| |
minos
Purpose
MEX Interface for MINOS
For solving nonlinear programming or quadratic programming problems
Syntax
[hs, xs, pi, rc, Inform, nS, nInf, sInf, Obj, iwCount, gObj, fCon, gCon] = ...
minos(H, A, bl, bu, nnCon, nnObj, nnJac, Prob, iObj, optPar, ...
Warm, hs, xs, pi, nS, ...
SpecsFile, PrintFile, SummFile, ...
PriLev, ObjAdd, moremem, ProbName );
Description
minos either solves the following nonlinear programming
problem (NLP):
minimize f(x) + c'x subject to:
x ( x )
bl <= ( g(x) ) <= bu
( Ax )
where
A is an mA x n sparse matrix (linear constraints)

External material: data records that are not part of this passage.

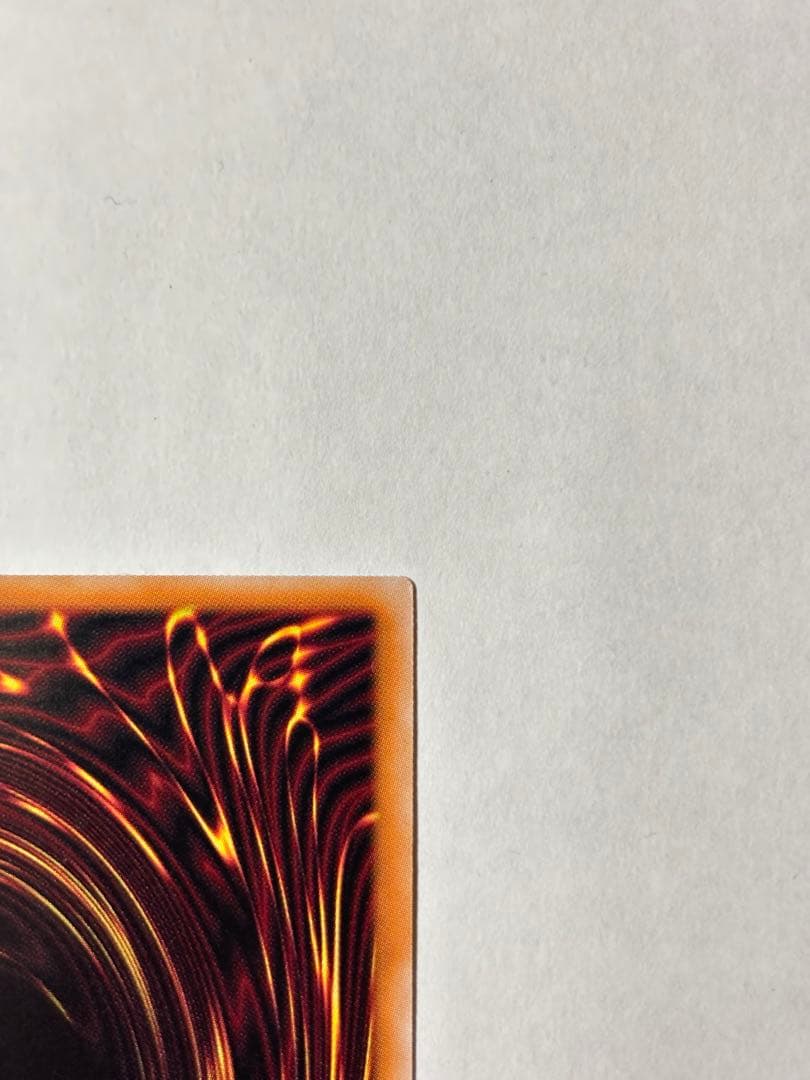 【極美品】遊戯王　マルチャミー・フワロス　プリズマティックシークレットレア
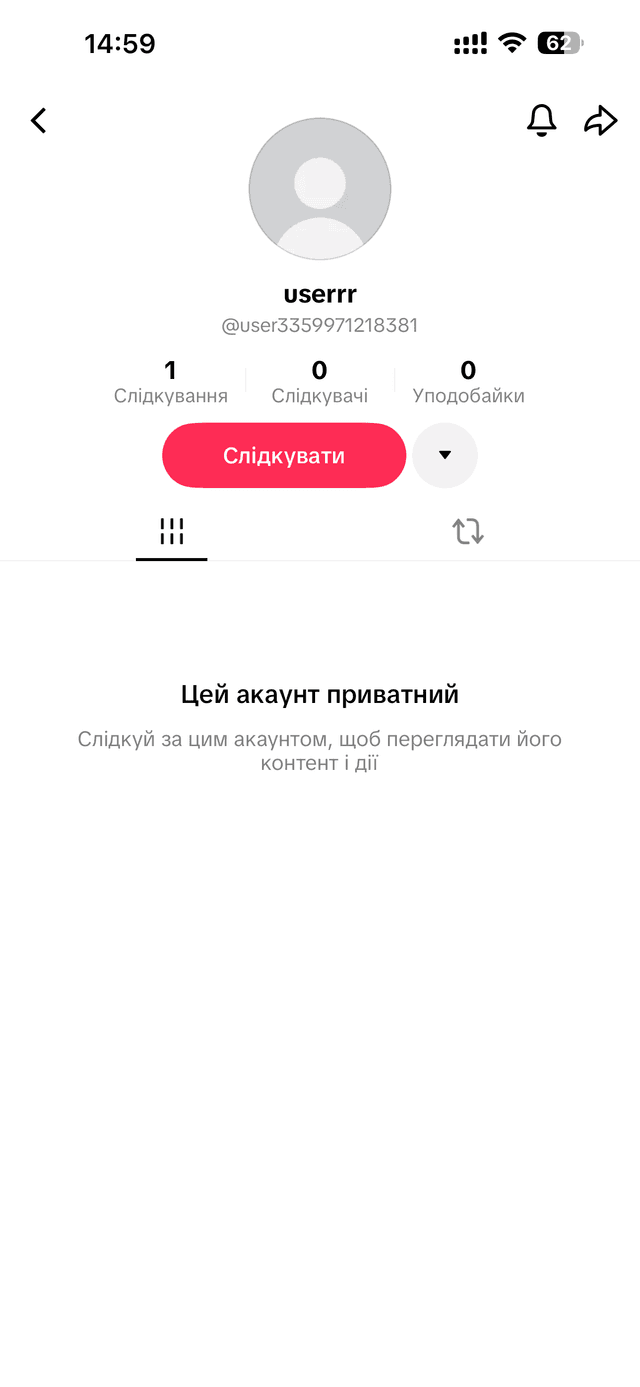 пустий акаунт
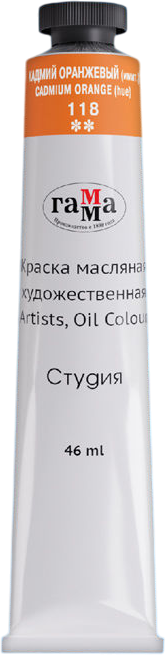 Масляная краска ГАММА Студия / 0.00.А046.118 (46мл, кадмий оранжевый)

c is a n x 1 vector of linear objective coefficients.
f(x) has nnObj nonlinear variables
g(x) has dimension nnCon.
The Jacobian is d/dx g(x) has nnJac variables, and ne nonzero elements
or the quadratic programming problem (QP):
minimize 0.5 * x' * H * x + c'x subject to:
x ( x )
bl <= ( g(x) ) <= bu
( Ax )
Full input matrix A has three parts A = [d/dx g(x); A; c'];
The position of the row c' is iObj. iObj=0 means no linear part
bl, bu have dimension m=n+nnCon+mA+(iObj~=0)
If nnObj = nnJac = nnCon = 0, and g(x) is empty, a standard sparse (LP)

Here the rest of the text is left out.